WORK REQUEST: Your output consists solely of the lines from the one that contains "Heat, sun shining" to the end of the material, each reproduced exactly; pictures do not belong in it.

GIVEN INFORMATION:
▼▼▼

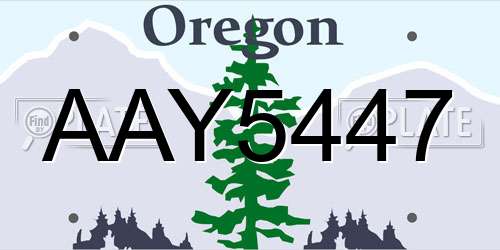 AAY5447 Oregon License Plate
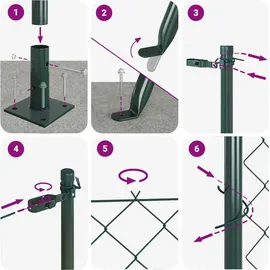 vidaXL Zaunpfosten 10 x 1,5 m Grün/Stahl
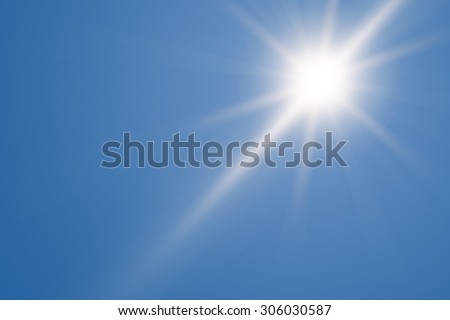 Heat, sun shining at the clear blue sky with copy space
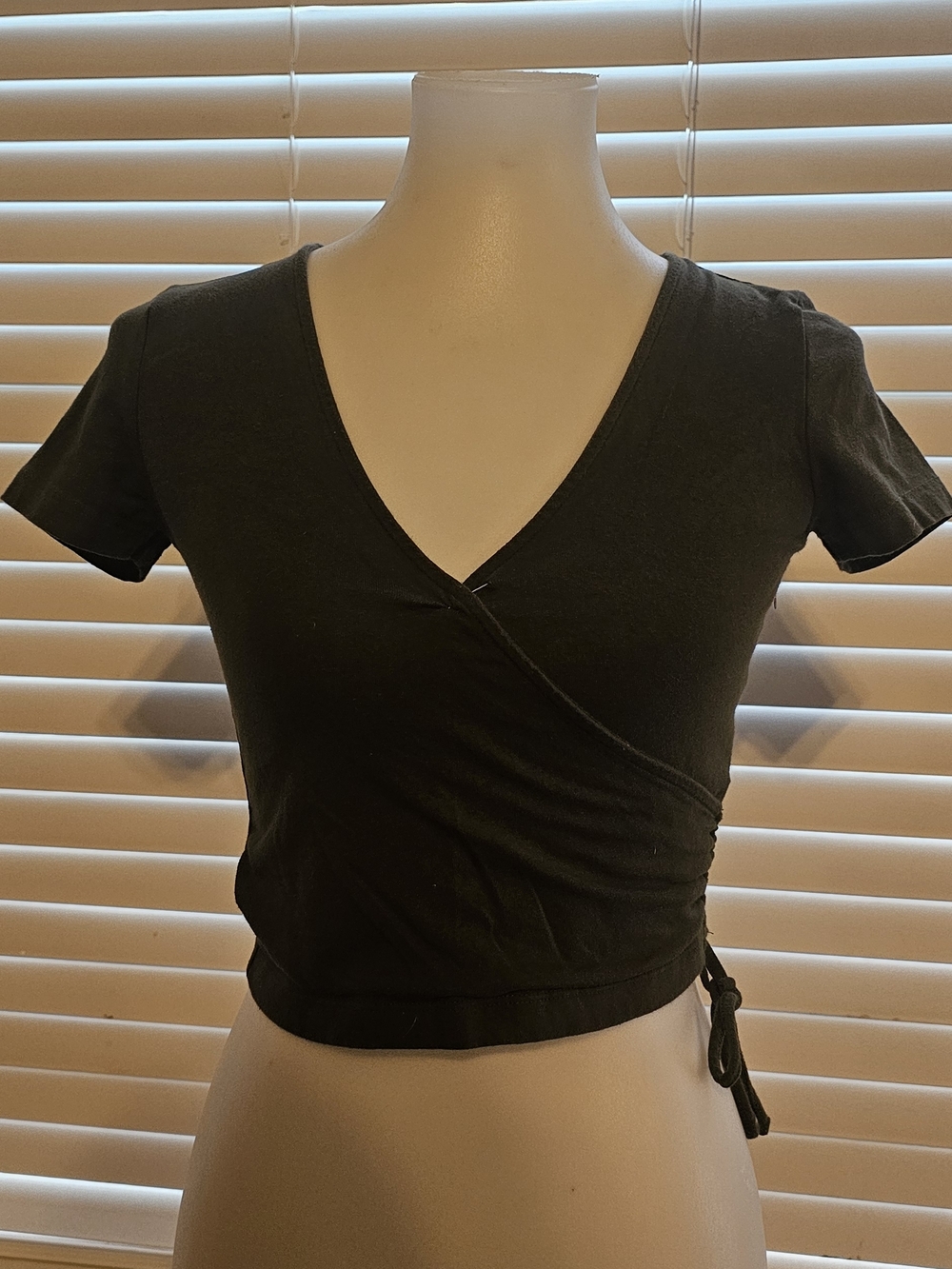 Forever 21 Black Wrap Crop Top with Side Tie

▲▲▲

SOLUTION:
 Heat, sun shining at the clear blue sky with copy space
 Forever 21 Black Wrap Crop Top with Side Tie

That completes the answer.